*What you will do*
Write out the records once more, exactly, and keep any image out.
***** Information given
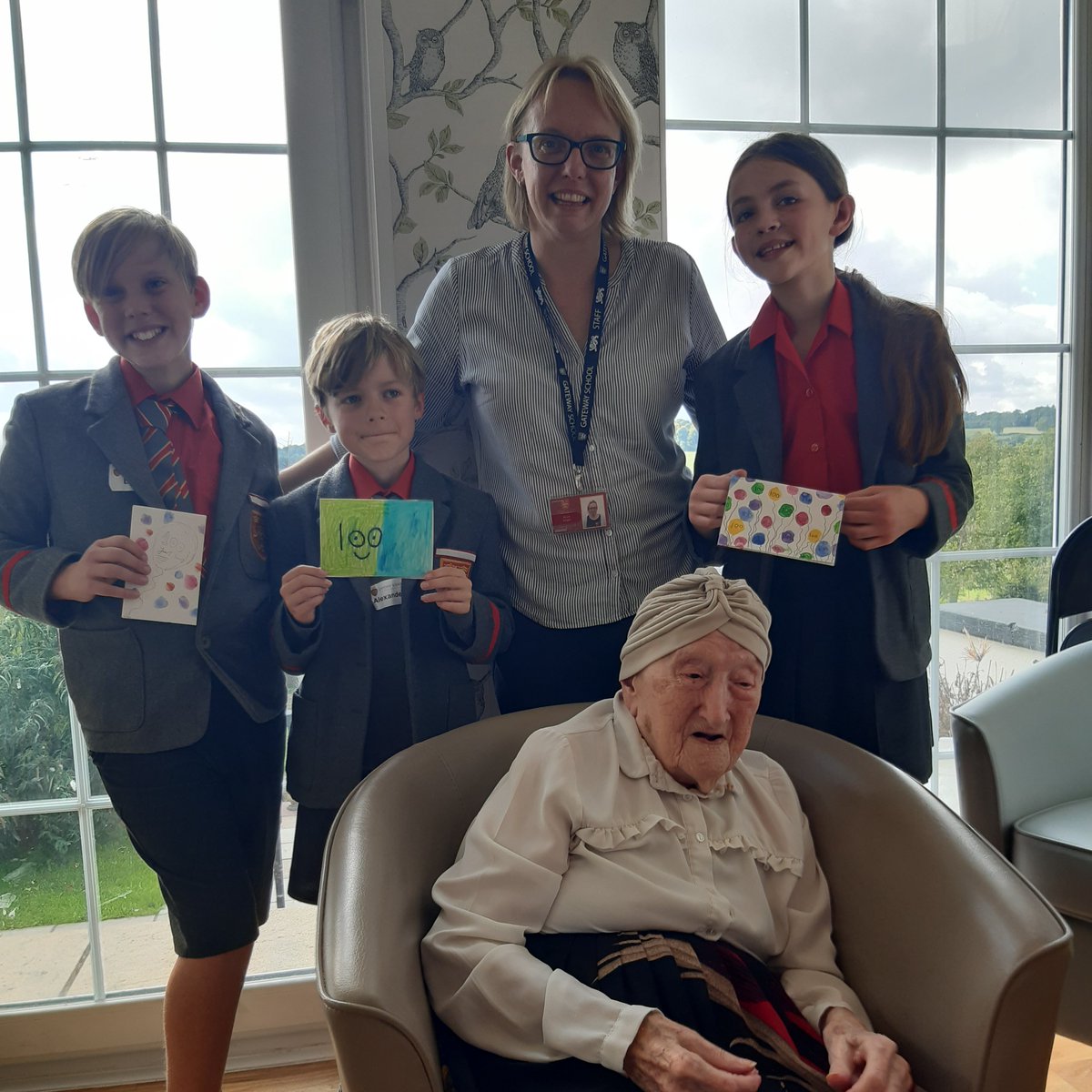 Happy 100th Birthday to Kath at Woodlands Park Care Centre!  Last week a group of Gateway School Year 6’s visited with their Design and Technology teacher, Mrs Knight, to deliver handmade birthday cards to the amazing centenarian.  @woodlandsparkcare
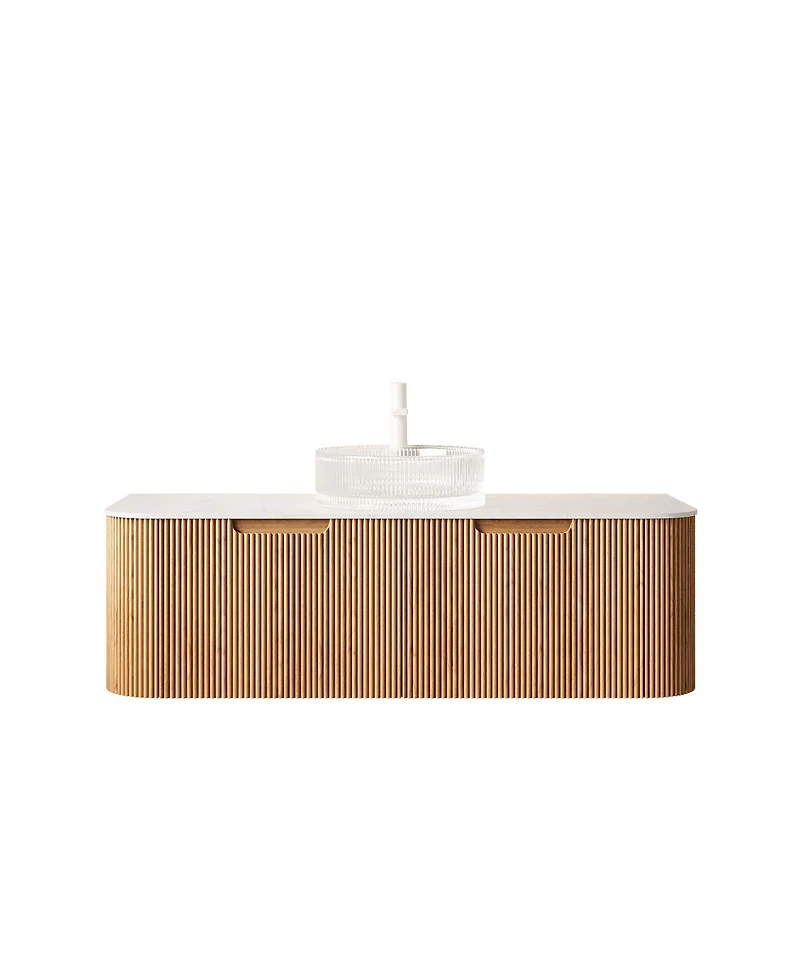 Sillysis Wall Mounted Bathroom Vanity with Crystal Glass Vessel Sink, Soft Close Drawer, Ample Storage, Pre-assembled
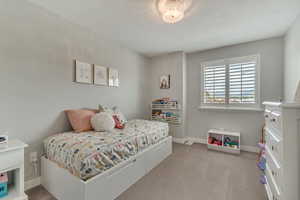 Bedroom with baseboards and carpet flooring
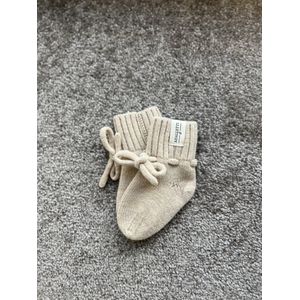 Adalletti Merino wol booties Warm beige | Merino slofjes | Merino sokken | baby | baby slofjes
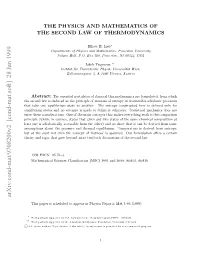 The Physics and Mathematics of the Second Law of Thermodynamics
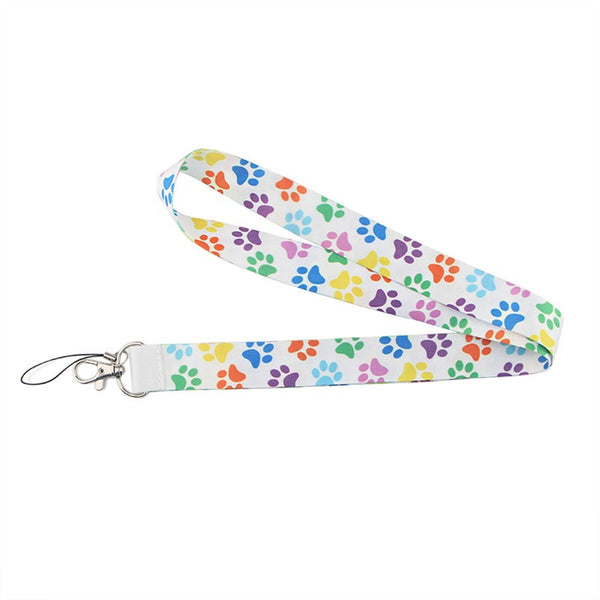 Dog Paw Printed Lanyard Phone Rope Keychains For Keys Id Card Lanyards Men Women Keyrings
**********
*Result*
 Happy 100th Birthday to Kath at Woodlands Park Care Centre!  Last week a group of Gateway School Year 6’s visited with their Design and Technology teacher, Mrs Knight, to deliver handmade birthday cards to the amazing centenarian.  @woodlandsparkcare
 Sillysis Wall Mounted Bathroom Vanity with Crystal Glass Vessel Sink, Soft Close Drawer, Ample Storage, Pre-assembled
 Bedroom with baseboards and carpet flooring
 Adalletti Merino wol booties Warm beige | Merino slofjes | Merino sokken | baby | baby slofjes
 The Physics and Mathematics of the Second Law of Thermodynamics
 Dog Paw Printed Lanyard Phone Rope Keychains For Keys Id Card Lanyards Men Women Keyrings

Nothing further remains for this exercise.